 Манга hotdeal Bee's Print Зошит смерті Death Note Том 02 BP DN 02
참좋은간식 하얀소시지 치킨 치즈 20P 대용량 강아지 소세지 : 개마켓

_ _ _

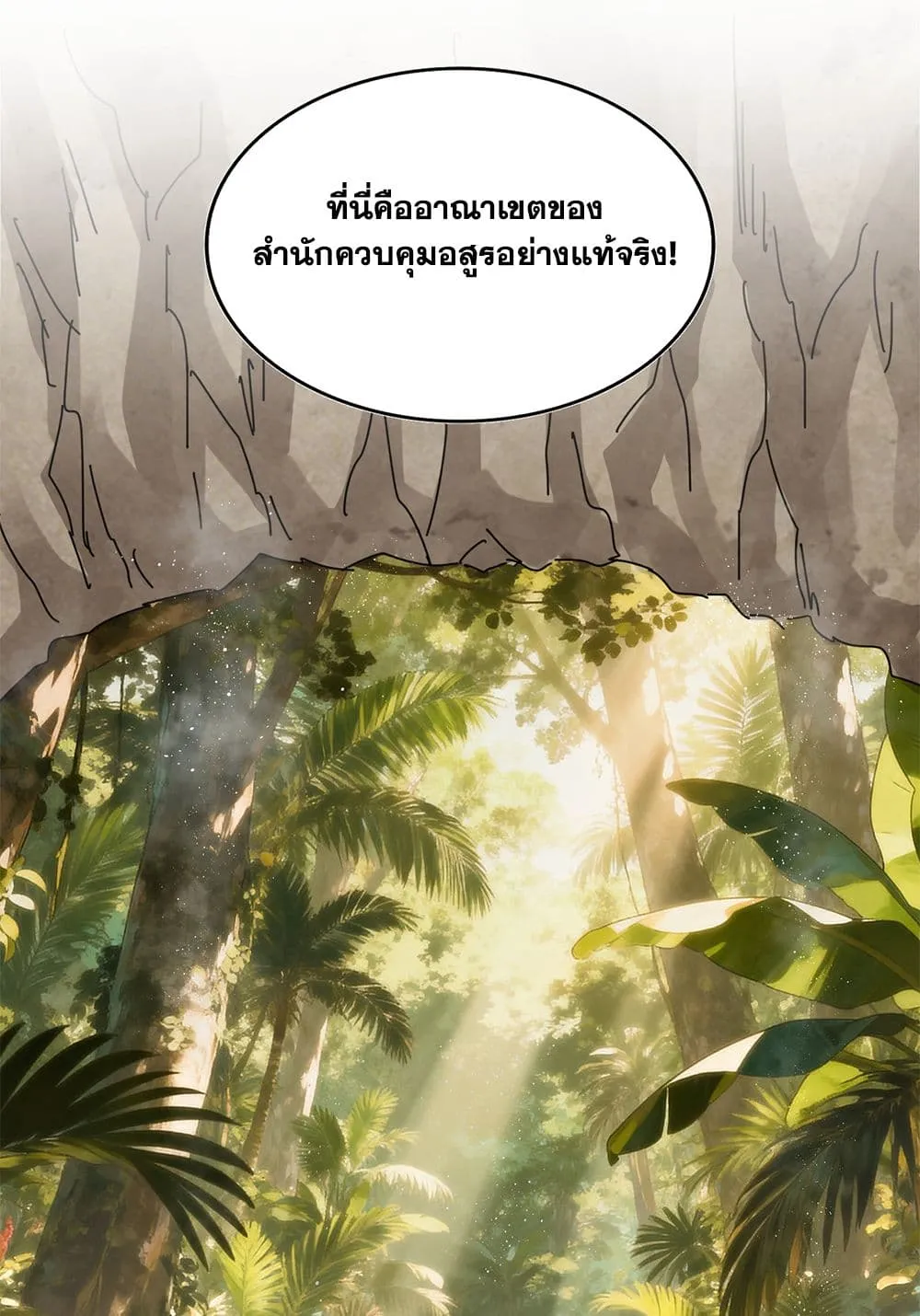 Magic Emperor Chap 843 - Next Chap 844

_ _ _

* ABOUT THIS TASK: Write down, word for word, the lines above from the one containing "Манга hotdeal Bee's" through the one containing "참좋은간식 하얀소시지 치킨 치즈 20P 대용량 강아지 소세지 : 개마켓", both ends included.

* ANSWER SECTION:
 Манга hotdeal Bee's Print Зошит смерті Death Note Том 02 BP DN 02
참좋은간식 하얀소시지 치킨 치즈 20P 대용량 강아지 소세지 : 개마켓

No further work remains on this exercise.